Will Clayton Kershaw Get an Extension?
The Los Angeles Dodgers aren’t shy about spending their money. In fact, the Dodgers spent almost $217 million in 2013—which was about $112 million more than the team spent in 2012.
But when it comes to the topic of extending their ace pitcher Clayton Kershaw, however, it’s possible the Dodgers simply do not have the disposable income to pull the trigger.
Since general manager Ned Colletti has committed over $550 million to Adrian Gonzalez, Carl Crawford, Matt Kemp, Zack Greinke, Andre Ethier and Brandon League, the Dodgers will have to do some maneuvering to make Kershaw a legitimate offer.
Despite the financial implications, the Dodgers must find a way to retain their homegrown stud. According to ESPN.com’s Buster Olney, the Dodgers actually offered Kershaw a $300 million contract earlier in the season, but the two sides were unable to finalize anything.
With a combined $43.75 million coming off the books after 2014 (Josh Beckett, Chad Billingsley and Hanley Ramirez will become free agents), all signs point to a massive new contract for Clayton Kershaw before April.
Will Kendrys Morales Decline His Qualifying Offer?
The 2013 offseason has already been full of surprises. The biggest surprise so far, however, has been the Seattle Mariners decision to offer Kendrys Morales a qualifying offer.
Morales enjoyed a fruitful campaign last season, posting a .277 batting average, park-adjusted 123 OPS+ and 23 home runs as the Mariners’ designated hitter. But considering Morales’ inability to stay healthy and his poor defense at first base (minus-6.4 UZR/150 in 2013), $14.1 million seems like a gross overpay for the player’s skill set.
But even with the Mariners apparent interest, it’s possible that Scott Boras will advise his client to decline the lucrative qualifying offer in the hopes of netting a three-year contract elsewhere.
With ample experience at first base—and even a 76 innings in right field—Boras could conceivably market Morales as more than a hobbled DH. The biggest underlying issue with Morales declining his qualifying offer, however, is whether prospective suitors would willingly surrender the subsequent compensatory draft pick to obtain him.
How Many Free Agents Will the Red Sox Retain?
The Boston Red Sox are still in celebration mode after winning their first World Series since 2007. But once the last bottle of champagne is popped, general manager Ben Cherington has a difficult offseason on his hands.
Jacoby Ellsbury, Mike Napoli, Stephen Drew and Jarrod Saltalamacchia are set to become free agents.
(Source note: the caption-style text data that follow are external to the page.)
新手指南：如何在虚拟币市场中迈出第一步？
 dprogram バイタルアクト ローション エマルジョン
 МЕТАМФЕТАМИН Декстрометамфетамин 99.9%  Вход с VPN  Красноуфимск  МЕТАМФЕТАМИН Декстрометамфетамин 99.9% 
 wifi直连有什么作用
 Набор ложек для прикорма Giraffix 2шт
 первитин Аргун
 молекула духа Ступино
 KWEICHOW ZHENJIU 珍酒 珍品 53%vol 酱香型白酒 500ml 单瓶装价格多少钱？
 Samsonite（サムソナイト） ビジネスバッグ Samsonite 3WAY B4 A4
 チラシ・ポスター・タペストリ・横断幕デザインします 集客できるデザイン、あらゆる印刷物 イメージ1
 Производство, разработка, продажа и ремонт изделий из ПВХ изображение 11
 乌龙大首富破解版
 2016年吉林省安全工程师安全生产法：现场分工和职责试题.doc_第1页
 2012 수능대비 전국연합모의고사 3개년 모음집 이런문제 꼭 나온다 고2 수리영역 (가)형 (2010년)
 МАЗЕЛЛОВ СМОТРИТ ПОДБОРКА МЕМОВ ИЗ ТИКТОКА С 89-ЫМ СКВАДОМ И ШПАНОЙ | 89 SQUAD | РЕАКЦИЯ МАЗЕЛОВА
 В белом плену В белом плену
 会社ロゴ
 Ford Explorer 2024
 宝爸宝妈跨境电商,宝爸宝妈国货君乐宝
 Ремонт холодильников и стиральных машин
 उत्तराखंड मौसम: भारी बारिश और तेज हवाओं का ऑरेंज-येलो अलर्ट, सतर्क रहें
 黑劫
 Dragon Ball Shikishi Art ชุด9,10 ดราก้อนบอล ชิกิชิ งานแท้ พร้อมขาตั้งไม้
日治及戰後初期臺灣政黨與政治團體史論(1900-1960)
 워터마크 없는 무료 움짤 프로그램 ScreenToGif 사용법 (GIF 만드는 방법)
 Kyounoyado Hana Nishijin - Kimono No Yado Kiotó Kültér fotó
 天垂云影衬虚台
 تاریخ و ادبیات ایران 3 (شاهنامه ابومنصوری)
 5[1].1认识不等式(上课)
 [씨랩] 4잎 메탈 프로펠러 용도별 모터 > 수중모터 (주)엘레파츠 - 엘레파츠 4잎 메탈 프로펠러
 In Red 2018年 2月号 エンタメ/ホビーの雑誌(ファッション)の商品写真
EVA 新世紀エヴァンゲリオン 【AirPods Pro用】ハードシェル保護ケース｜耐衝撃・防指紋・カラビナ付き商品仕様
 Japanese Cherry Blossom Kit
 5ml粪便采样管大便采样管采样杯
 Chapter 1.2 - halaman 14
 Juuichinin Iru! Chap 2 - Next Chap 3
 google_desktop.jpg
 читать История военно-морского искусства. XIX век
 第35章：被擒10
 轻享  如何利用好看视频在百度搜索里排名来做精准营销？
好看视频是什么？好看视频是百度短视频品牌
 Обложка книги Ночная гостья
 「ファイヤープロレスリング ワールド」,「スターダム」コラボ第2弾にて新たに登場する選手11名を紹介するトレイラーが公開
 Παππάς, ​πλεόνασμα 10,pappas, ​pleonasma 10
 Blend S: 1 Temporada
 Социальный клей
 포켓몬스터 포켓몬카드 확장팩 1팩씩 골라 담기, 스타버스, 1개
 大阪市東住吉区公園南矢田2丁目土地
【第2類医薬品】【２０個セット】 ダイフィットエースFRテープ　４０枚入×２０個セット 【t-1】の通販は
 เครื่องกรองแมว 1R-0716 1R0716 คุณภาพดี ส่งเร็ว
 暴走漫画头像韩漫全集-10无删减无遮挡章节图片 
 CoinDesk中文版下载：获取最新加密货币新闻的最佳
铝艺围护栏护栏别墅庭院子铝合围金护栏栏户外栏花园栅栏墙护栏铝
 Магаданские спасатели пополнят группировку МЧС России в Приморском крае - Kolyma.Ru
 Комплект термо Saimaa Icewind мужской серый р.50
And even though, according to CSNNE.com’s Sean McAdam, Cherington plans to extend qualifying offers to Ellsbury, Napoli and Drew, that hardly means that any of them will actually return to the Red Sox in 2014.
Not including raises through arbitration, the Red Sox have about $121 already committed to 2014. And with all four of their free agents looking to cash in on productive 2013 seasons, Cherington will either have to choose wisely or be crafty while replacing the top producers via free agency or trade.
What Will the Going Rate for Closers Be?
The 2013 offseason is flush with closing talent. There are trusted veterans like Joe Nathan and Grant Balfour, less costly options in Brian Wilson and Fernando Rodney and potential diamonds in the rough in Joaquin Benoit and Jose Veras.
While none of these hurlers will seek contracts like Jonathan Papelbon’s four-year, $50 million deal, it’s still likely that all of Nathan, Balfour, Wilson, Rodney, Benoit and Veras could net multi-year deals.
Considering Brandon League was able to sign a three-year, $22.5 million contract last offseason, teams might find it difficult to nickel and dime the quality relief pitching currently available.